ISIS Media Output Drops as Military Pressure Rises, Report Says by Scott Shane, New York Times
The vaunted propaganda operations of the Islamic State, which helped lure more than 30,000 foreign fighters to Syria and Iraq, have dropped off drastically as the extremist group has come under military pressure, according to a study by terrorism researchers at West Point.
In addition, the researchers found, there has been a striking shift away from publications and social media portraying a functioning state with competent bureaucrats, thriving businesses and happy citizens. The Islamic State, also called ISIS and ISIL, claims that it is building a new caliphate — or unified Muslim land — a claim that has become increasingly threadbare.

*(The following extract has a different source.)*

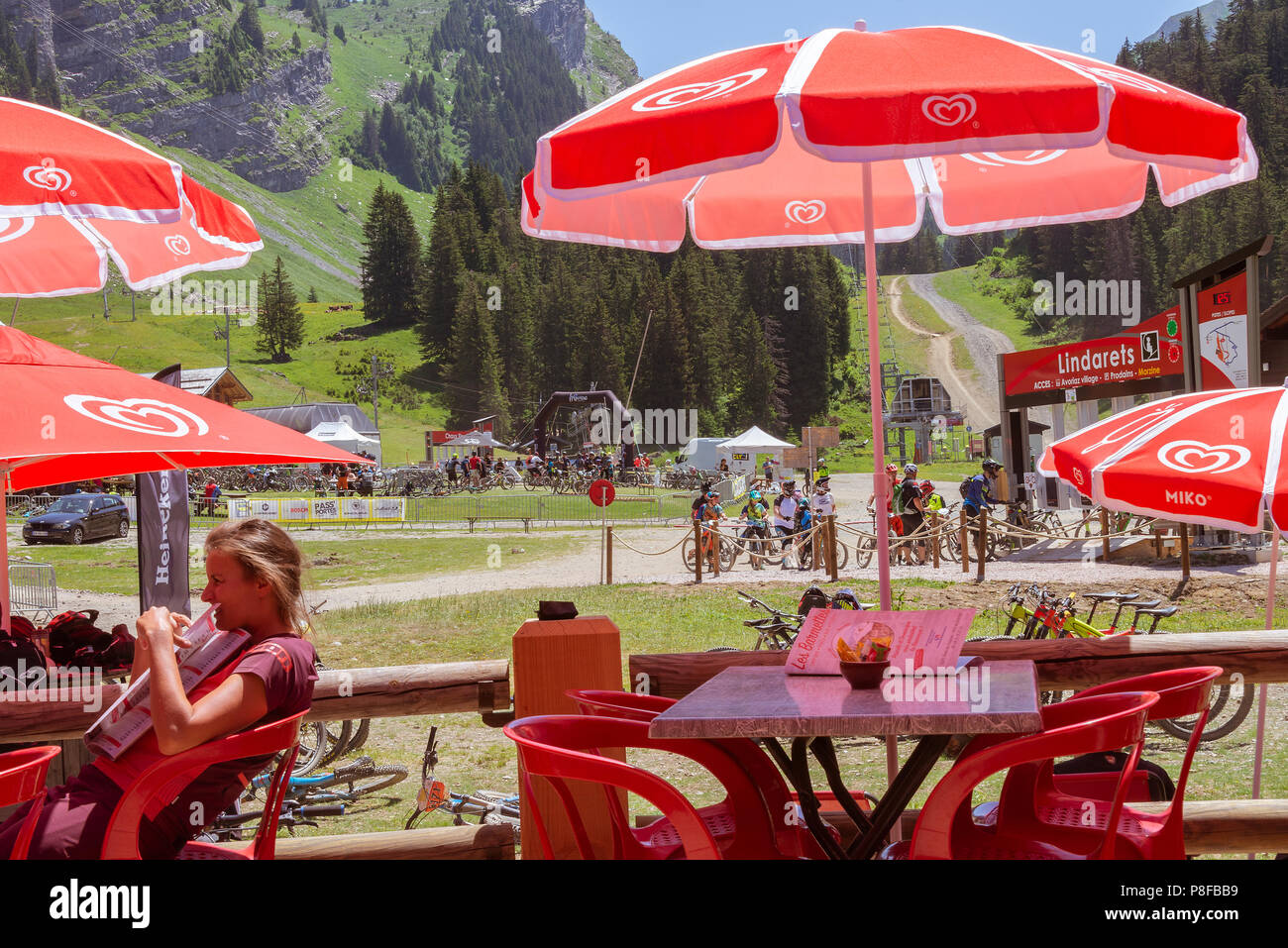 The Beautiful Chalet Style Les Barmettes Restaurant and Bar with Red Umbrellas at Les Lindarets near Montriond Haute-Savoie France Stock Photo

“It’s not just the numeric decline,” said Daniel Milton, director of research at the Combating Terrorism Center at West Point and the author of the new report. “The caliphate was their big selling point. Now there’s an inability to say we’re doing the things that make us a state. And that was behind their broad appeal.”

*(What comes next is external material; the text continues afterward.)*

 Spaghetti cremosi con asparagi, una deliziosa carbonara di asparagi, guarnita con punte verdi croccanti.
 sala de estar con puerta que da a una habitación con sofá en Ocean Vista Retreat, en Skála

At the peak of the Islamic State’s media output, in August 2015, the group released more than 700 items from official outlets in Syria and several other countries. During the month of August 2016, after a year of airstrikes and other assaults, that number had declined to under 200, according to the study.
Over the same period, the share of items devoted to military reports doubled to 70 percent, eclipsing attention to governance, commerce and other topics portraying civilian life.
The findings reflect a cascade of failures for the Islamic State, reversing its sudden rise both in territory seized and propaganda reach in 2014. Experts caution, however, that the Islamic State’s ideology, which portrays Muslims in an apocalyptic contest with non-Muslims, is likely to continue to inspire terrorist acts long after its caliphate is gone…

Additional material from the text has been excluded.